The paper addresses challenges in ranking consistency and the variety of annotator abilities in arena-based evaluation of LLMs. They develop an enhanced ELO framework that replaces iterative updates with Maximum Likelihood Estimation (m-ELO). They prove theoretically that this MLE approach provides consistent and stable model rankings. The authors further extend their work with am-ELO, which factors in annotator abilities to simultaneously evaluate both model performance and annotator reliability.

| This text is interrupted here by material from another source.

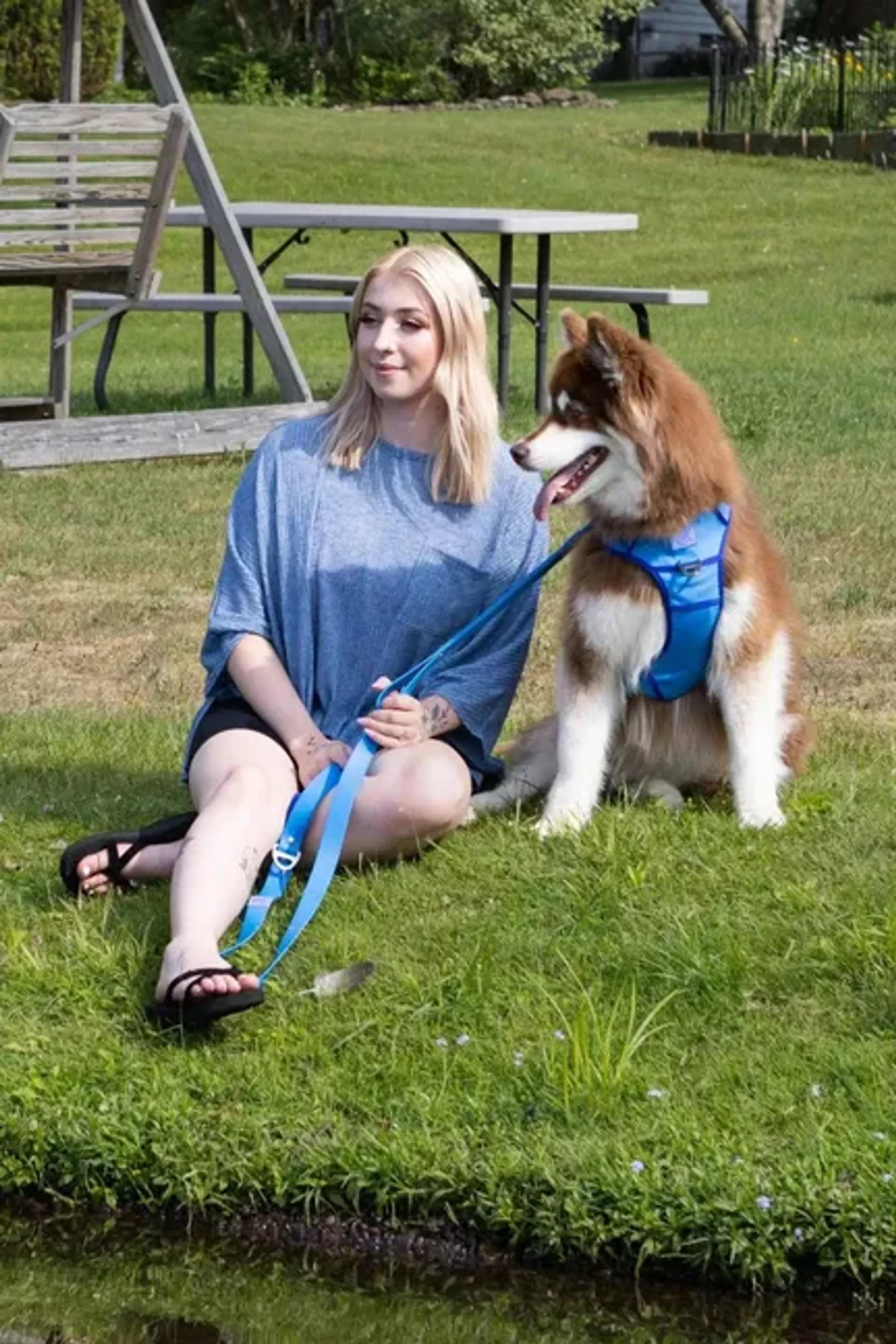 Ultimate Dog Harness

Experimental results validate their framework's effectiveness in stability and robustness compared to traditional ELO-based evaluation methods.
The claims made in the paper are well-supported by clear and convincing evidence. The combination of MLE and annotator ability modeling in the ELO-based evaluation framework is novel. It provides new solutions to the long-standing problems of instability and annotator variability in LLM evaluation. The paper also includes a case study that highlights the differences in model rankings between the proposed methods and the traditional ELO method, reinforcing the superiority of am-ELO. The paper is well-written. The algorithms, theoretical proofs, and experimental results are clearly presented, making it easy for readers to understand the research content.